Marketing is often asked to solve problems it doesn't own
Marketing doesn't usually struggle because there isn't enough marketing. It struggles because businesses often ask marketing to solve commercial problems it doesn't own.
- →A campaign is expected to overcome an unclear proposition.
- →Demand generation is expected to compensate for weak market awareness.
- →Media is expected to fix declining sales confidence.
- →Lead generation is expected to solve a product adoption challenge.
Marketing can influence every one of those areas. It rarely owns them. The distinction matters. Because the more responsibility marketing carries for problems it can't solve alone, the harder it becomes to demonstrate its commercial contribution.
Better commercial questions matter more than more campaigns
The organisations where marketing contributes most to growth aren't usually asking for more campaigns. They're asking better commercial questions.
- →Why are buyers choosing competitors?
- →Why are opportunities slowing down?
- →Why aren't existing customers expanding?
- →Why does Sales keep hearing the same objections?
- →What has changed in the market that hasn't yet changed inside the business?
Those conversations often create more commercial value than deciding which channel to invest in next. Because campaigns are responses. Those questions determine whether they're responding to the right challenge.
Campaigns amplify commercial decisions. They rarely replace them
By the time a campaign reaches the planning stage, months of commercial thinking have already taken place. Leadership has decided where growth should come from. Sales has built opinions from hundreds of customer conversations. Product has developed new capabilities. Customer Success understands where customers achieve value and where they struggle.
Marketing inherits those insights. Or at least it should. When those perspectives come together, campaigns tend to feel focused. When they don't, marketing often works harder than it needs to. The campaign becomes responsible for solving uncertainty that already existed before the first brief was written.
One question changes the conversation
Marketing teams naturally ask: "What should we do next?"
A more useful question is: "What's making growth harder?"
Sometimes the answer is positioning. Sometimes buyers understand the product but not the commercial value. Sometimes Sales and Marketing are telling slightly different stories. Sometimes the biggest opportunity sits inside the existing customer base rather than in acquiring another new logo. Sometimes awareness genuinely is the issue.
The point isn't that marketing has the answer to every commercial problem. It's recognising which problem marketing is actually trying to solve before another campaign begins.
Marketing creates value when it makes buying easier
Buying has become more complicated.
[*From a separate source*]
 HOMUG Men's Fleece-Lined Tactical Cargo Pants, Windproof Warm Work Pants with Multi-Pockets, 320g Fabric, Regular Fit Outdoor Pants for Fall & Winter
Committees are larger. More stakeholders influence decisions. Internal agreement takes longer. Risk carries more weight.
Marketing can't simplify organisational politics. It can reduce uncertainty. It can help buyers understand what makes the organisation different. It can give internal champions language they can use with confidence. It can answer questions before Sales has to. It can reinforce credibility long before procurement becomes involved.
Those contributions don't always appear in a dashboard. They're often the reason commercial conversations become easier.
Four questions worth asking before approving the next campaign
Every campaign is an investment. Before making it, ask four questions.
Do customers understand why they should choose us?
If they don't, another campaign simply increases awareness of an unclear proposition.
Can Sales confidently tell the same story as Marketing?
If they can't, buyers receive different messages depending on who they speak to.
Are existing customers part of the growth strategy?
Growth isn't only created through acquisition. Expansion, advocacy and retention deserve the same commercial attention.
If this campaign succeeds, what changes for the business?
Not for marketing. For the business. That final question often changes the quality of the conversation.
Better measurement won't create growth. Better decisions might
One of the biggest shifts experienced marketing leaders make is changing what measurement is expected to achieve. The purpose isn't to prove marketing worked. It's to help the business decide what happens next.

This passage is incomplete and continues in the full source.